Subshells and Parallel Processing

• Some information taken the Advanced Bash-Scripting Guide section on subshells (http://en.tldp.org/LDP/abs/html/subshells.html)
• Setup:

$ mkdir -p ~/cs370/examples/subshells_parallel_processing
$ cd ~/cs370/examples/subshells_parallel_processing

• Definition: A subshell is a child process launched by a shell (or shell script).

• Running a shell script launches a new process, a subshell.

• A shell script can itself launch subprocesses (subshells).
  • These subshells let the script do parallel processing, in effect executing multiple subtasks simultaneously.

• Example:

        #!/bin/bash
        # subshell-test.sh

        (
        # Inside parentheses, and therefore a subshell . . .
        while [ 1 ]   # Endless loop.
        do
          echo "Subshell running . . ."
        done
        )

        #  Script will run forever,
        #  or at least until terminated by a Ctl-C.

        exit $?  # End of script (but will never get here).

• Run the script: $ ./subshell-test.sh

• And, while the script is running, from a different xterm: $ ps aux | grep subshell-test.sh

        UID       PID   PPID  C STIME TTY      TIME     CMD
        500       2698  2502  0 14:26 pts/4    00:00:00 sh subshell-test.sh
        500       2699  2698 21 14:26 pts/4    00:00:24 sh subshell-test.sh

                  ^^^^

• Analysis: PID 2698, the shell script, launched PID 2699, the subshell.
  • Note: The “UID …” line would be filtered out by the “grep” command, but is shown here for illustrative purposes.

• In general, an external command in a script forks off a subprocess, whereas a Bash built-in command does not. (For this reason, built-ins execute more quickly and use fewer system resources than their external command equivalents.)

      ( command1; command2; command3; ... )

• A command list (command chain) embedded between parentheses runs in a subshell.

• Variable scope in a subshell
  • Variables used in a subshell are NOT visible outside the block of code in the subshell.
  • They are not accessible to the parent process, the shell that launched the subshell.
    • These are, in effect, variables local to the child process.

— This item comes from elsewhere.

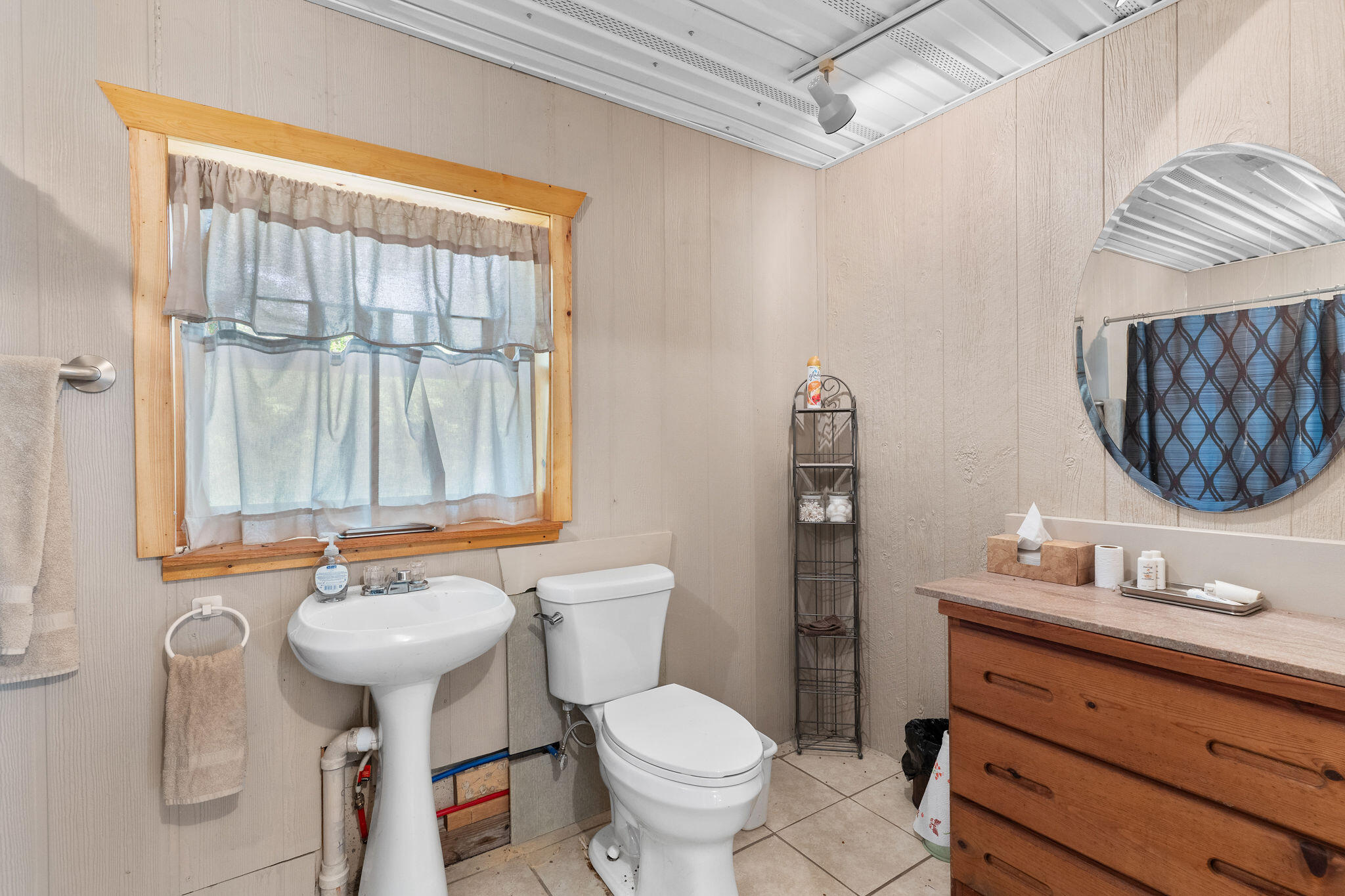 582 Rubin Lane Property Photo 43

• Redirecting I/O to a subshell uses the “|” pipe operator, as in

      ls -al | ( command1; command2; ... ).

• Example: Last section of ssh_setup.sh

# Run group of echo and cat commands through a subshell if grep fails:
grep -qf id_rsa.pub authorized_keys ||
(
   echo
   echo "SSH public key (id_rsa.pub) contents not found in ~/.ssh/authorized_keys."
   echo "Appended id_rsa.pub to authorized_keys."
   echo
   cat id_rsa.pub >> authorized_keys
)

• A subshell may be used to set up a “dedicated environment” for a command group.
• For example, you might want to suppress an environment variable temporarily:

      # temporarily unset $http_proxy variable before a wget
      $ (unset http_proxy; wget ...)

• Or you might have a task that must run in a specific working directory, and you want the remainder of the script (or your interactive shell) not to be affected by that.

• Another example:

        COMMAND1
        COMMAND2
        COMMAND3
        # Start of subshell
        (
          IFS=:
          PATH=/bin
          unset TERMINFO
          set -C
          shift 5
          COMMAND4
          COMMAND5
          exit 3 # Only exits the subshell!
        )
        # The parent shell has not been affected, and the environment is preserved.
        COMMAND6
        COMMAND7

• Also referred to as asynchronous execution.
• Utilize background processing and the bash wait shell built-in command.
• The bash wait command stops script execution until all jobs running in the background have terminated, or until the job number or process id specified as a wait option terminates.
  • wait returns the exit status of waited-for command.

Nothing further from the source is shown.